▶ [SUPPLIED RECORDS]
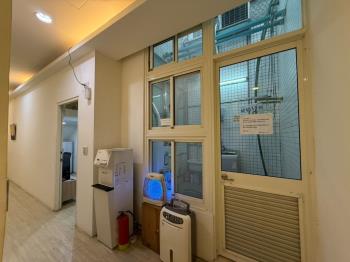 【善導寺】收租金雞藏書閣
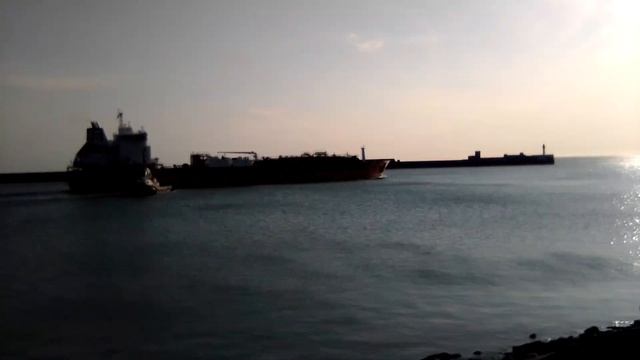 Вечерний Гавр ? ⛴, прогулка вдоль набережной, яхт ⛵⚓ клуба. Поужинать с видом на океан на закат ? ?
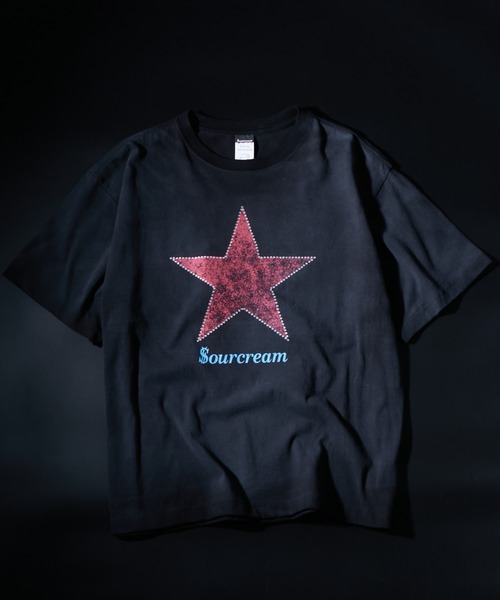 Sourcream（サワークリーム）の「【UNISEX】【Sourcream】ラインストーンスターグラフィックTEE（Tシャツ/カットソー・レディース・ブラック/ネイビー/ホワイト/サックスブルー・SMALL/MEDIUM）」の2枚目の写真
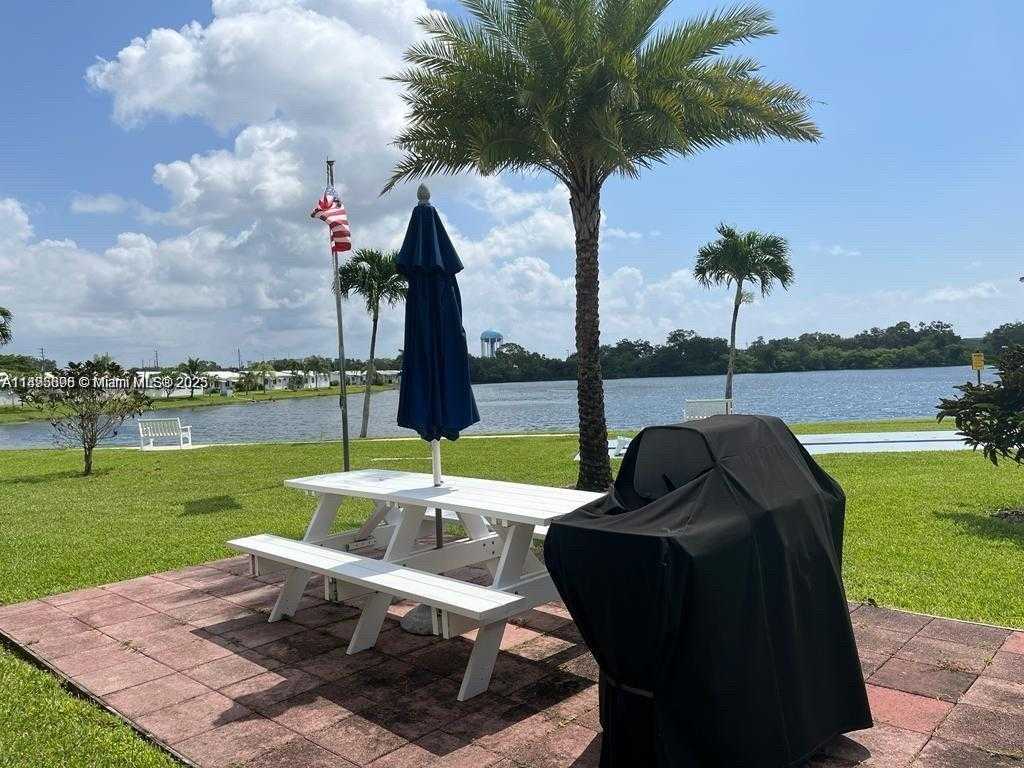 Small Image of 2200 PARK LN #209, Hollywood Number 7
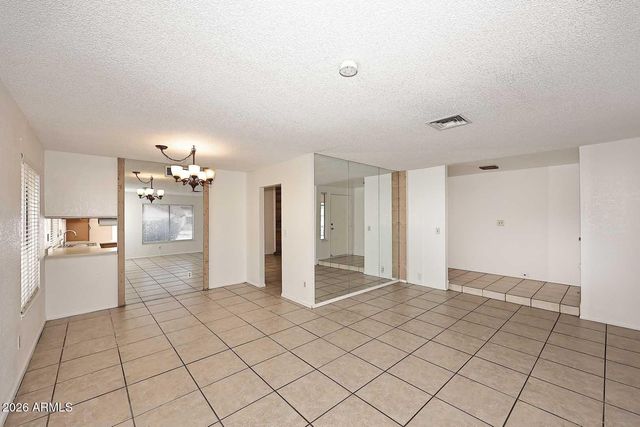 7827 W JENAN Drive, Peoria, AZ 85345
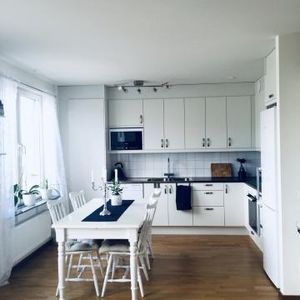 Fullutrustad 2:a med förråd - Foto 2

▶ [BRIEF] Everything from the line with "7827 W JENAN Drive, Peoria, AZ 85345" through the last line of the listing above is to be copied exactly, both ends included, except the pictures.

▶ [COMPLETED EXERCISE]
 7827 W JENAN Drive, Peoria, AZ 85345
 Fullutrustad 2:a med förråd - Foto 2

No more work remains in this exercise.